Jürgen Todenhöfer mit afghanische Waisenkindern im Sommer 2009

Jürgen Todenhöfer mit afghanische Waisenkindern im Sommer 2009

Ihr neues Buch „Teile Dein Glück“ ist ein sehr persönliches Buch, in dem Sie sehr viel von sich preisgeben. Bisher hatten Sie eher politische Bücher geschrieben. Wieso jetzt ein solch persönliches intimes Buch?

Jürgen Todenhöfer: Es ist die Summe meiner persönlichen Lebenserfahrungen. Ich glaube, dass manche dieser Erfahrungen auch für andere wichtig sein können. Die fröhlichen genauso wie die traurigen.

Sie gehören zu den heftigsten Kritikern der Kriege im Irak und in Afghanistan. Ist Ihr neues Buch auch ein Ergebnis Ihrer Erfahrungen, die Sie auf ihren zahlreichen Reisen in die Kriegsgebiete gemacht haben?

Todenhöfer: Es ist ein Buch über alle Bereiche eines Lebens.
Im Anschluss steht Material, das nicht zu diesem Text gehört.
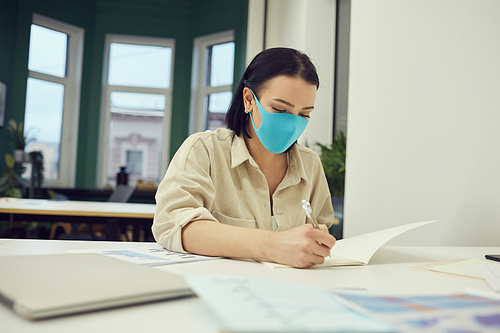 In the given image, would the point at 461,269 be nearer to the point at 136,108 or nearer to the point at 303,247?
the point at 303,247

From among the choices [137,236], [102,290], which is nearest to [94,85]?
[137,236]

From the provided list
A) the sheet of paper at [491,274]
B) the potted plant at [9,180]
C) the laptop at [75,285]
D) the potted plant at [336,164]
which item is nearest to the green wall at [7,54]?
the potted plant at [9,180]

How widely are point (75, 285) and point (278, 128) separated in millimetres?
790

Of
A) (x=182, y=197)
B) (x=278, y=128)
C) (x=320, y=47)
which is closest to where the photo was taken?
(x=182, y=197)

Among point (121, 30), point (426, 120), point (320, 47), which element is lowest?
point (426, 120)

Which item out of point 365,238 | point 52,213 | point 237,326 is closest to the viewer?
point 237,326

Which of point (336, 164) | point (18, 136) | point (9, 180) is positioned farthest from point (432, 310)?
point (18, 136)

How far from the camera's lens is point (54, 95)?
5.52 meters

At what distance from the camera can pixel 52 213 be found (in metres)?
2.34

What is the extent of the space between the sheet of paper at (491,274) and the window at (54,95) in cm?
544

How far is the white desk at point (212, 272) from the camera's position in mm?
421

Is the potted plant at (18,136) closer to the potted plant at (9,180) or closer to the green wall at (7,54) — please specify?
the green wall at (7,54)

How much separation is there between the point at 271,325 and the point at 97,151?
5896mm

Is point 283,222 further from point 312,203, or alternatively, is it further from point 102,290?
point 102,290
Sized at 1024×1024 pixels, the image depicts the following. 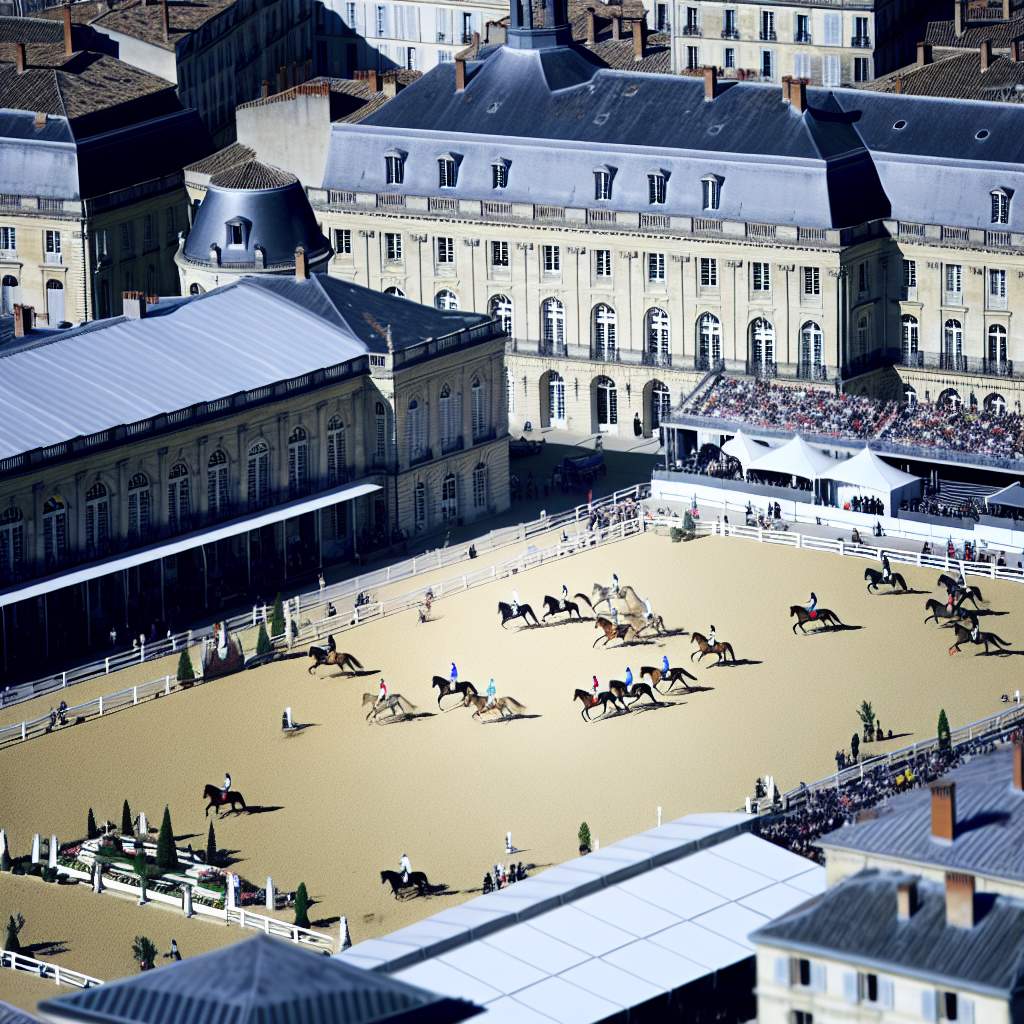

Natürlich auch über die westliche Außenpolitik. Zwischen dem, was wir öffentlich als Menschenrechte postulieren, und der praktizierten Außenpolitik des Westens besteht ein himmelschreiender Unterschied, den wir nicht wahrnehmen wollen. Wir sehen immer nur den Splitter im Auge der anderen, vor allem der Muslime, aber nie den Balken im eigenen Auge.

Sie schreiben, Sie seien nie ein richtiger Politiker gewesen. Was hat Ihnen denn gefehlt zum richtigen Politiker?

Todenhöfer: Es gibt Dinge, bei denen ich nie Kompromisse gemacht habe und machen werde, z.B. wenn es um die Würde von Menschen und um Menschenleben in Kriegen geht. Oder um die Herabsetzung von Minderheiten in unserem Land. Da konnte ich nie Kompromisse schließen. Das war manchmal äußerst karrierehinderlich. Aber es hat mich letztlich nie gestört, weil es eine viel wichtigere Form der Karriere gibt, die darin besteht, dass man seinen eigenen Weg konsequent zu Ende geht.

Was kann der Westen von den Menschen etwa im Irak oder Afghanistan lernen, die uns durch die Medien nicht selten als Barbaren präsentiert werden?

Todenhöfer: Über die Kriege im Irak und Afghanistan wird fast ausschließlich von embedded journalists berichtet, das heißt von Journalisten, die mit Militärs durch das Land fahren. Die entscheiden dann für sie, wohin sie kommen, was sie sehen und wen sie treffen. Die Einheimischen, mit denen sie sprechen, werden angesichts der auf sie gerichteten Maschinenpistolen nie die volle Wahrheit erzählen.

Ähnlich ist das natürlich auch mit Politikern, die embedded „nach Afghanistan reisen“, dann in einer Kaserne landen, die durch Panzer, Raketen und meterdicke Betonmauern geschützt ist, und deren Luftraum gesperrt ist. Sie behaupten anschließend, sie seien in Afghanistan gewesen. Der Ort, an dem Sie waren, aber hat mit dem wahren Afghanistan nichts zu tun. Sie könnten eigentlich hier bleiben, in eine deutsche Kaserne gehen und hier mit aus Afghanistan zurückgekehrten Soldaten sprechen.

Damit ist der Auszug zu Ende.